**YOUR ASSIGNMENT:** Retype the listing exactly; omit pictures.

**RAW DATA:**
== == ==

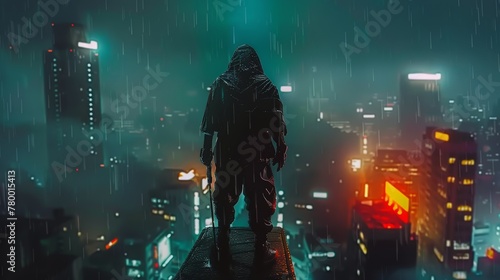 Figure in a cloak standing on a building rooftop with neon city lights in the rain at night. Futuristic urban scene photo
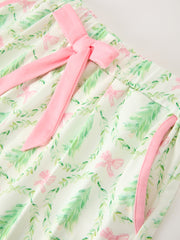 Mommy & Me Christmas Tree & Bow Print Girls Pajama Set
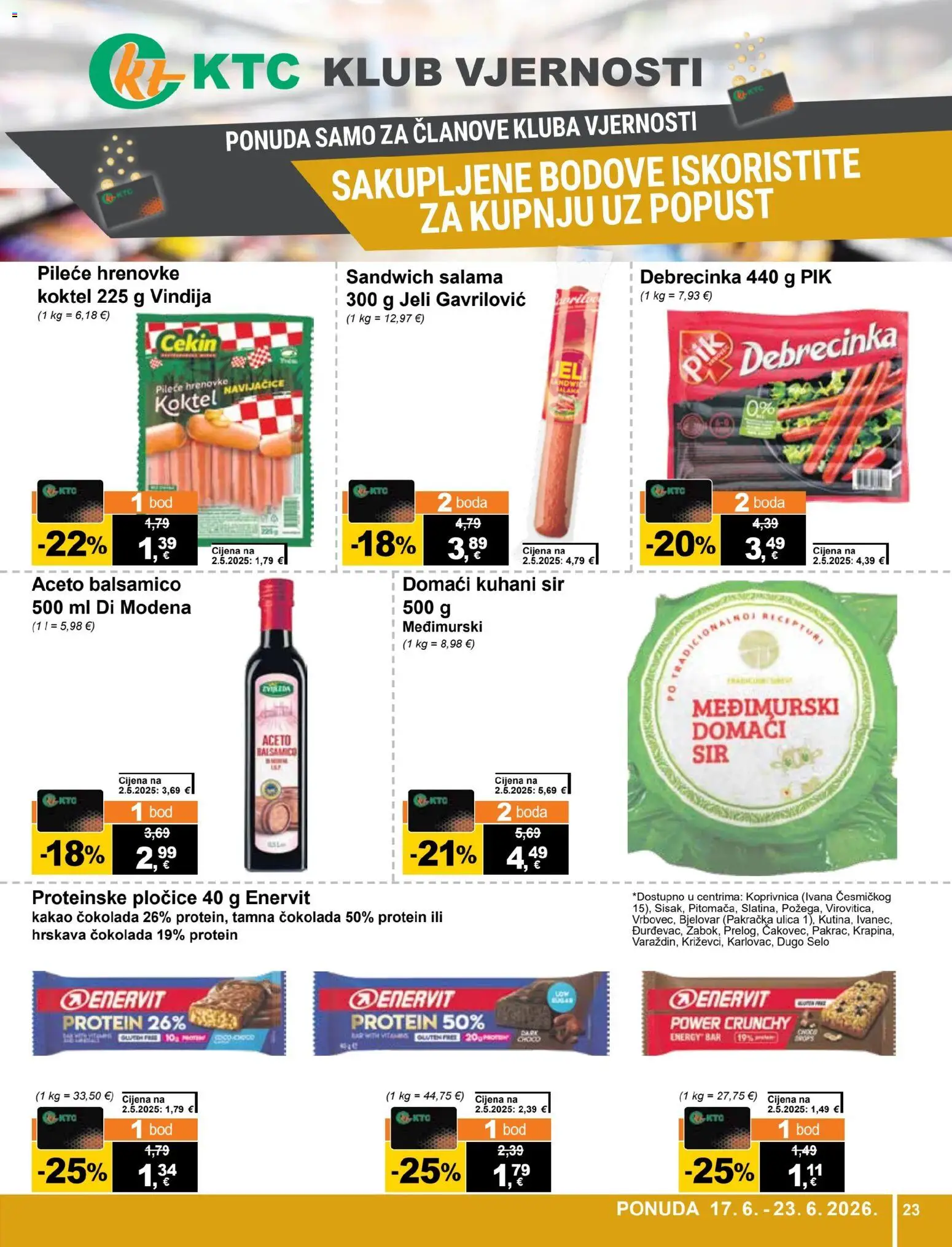 KTC katalog | vrijedi od 17.06.2026 | Stranica: 23 | Proizvodi: Sir, Salama, Pločice, Balsamico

== == ==

**SOLUTION FOR THIS PROBLEM:**
 Figure in a cloak standing on a building rooftop with neon city lights in the rain at night. Futuristic urban scene photo
 Mommy & Me Christmas Tree & Bow Print Girls Pajama Set
 KTC katalog | vrijedi od 17.06.2026 | Stranica: 23 | Proizvodi: Sir, Salama, Pločice, Balsamico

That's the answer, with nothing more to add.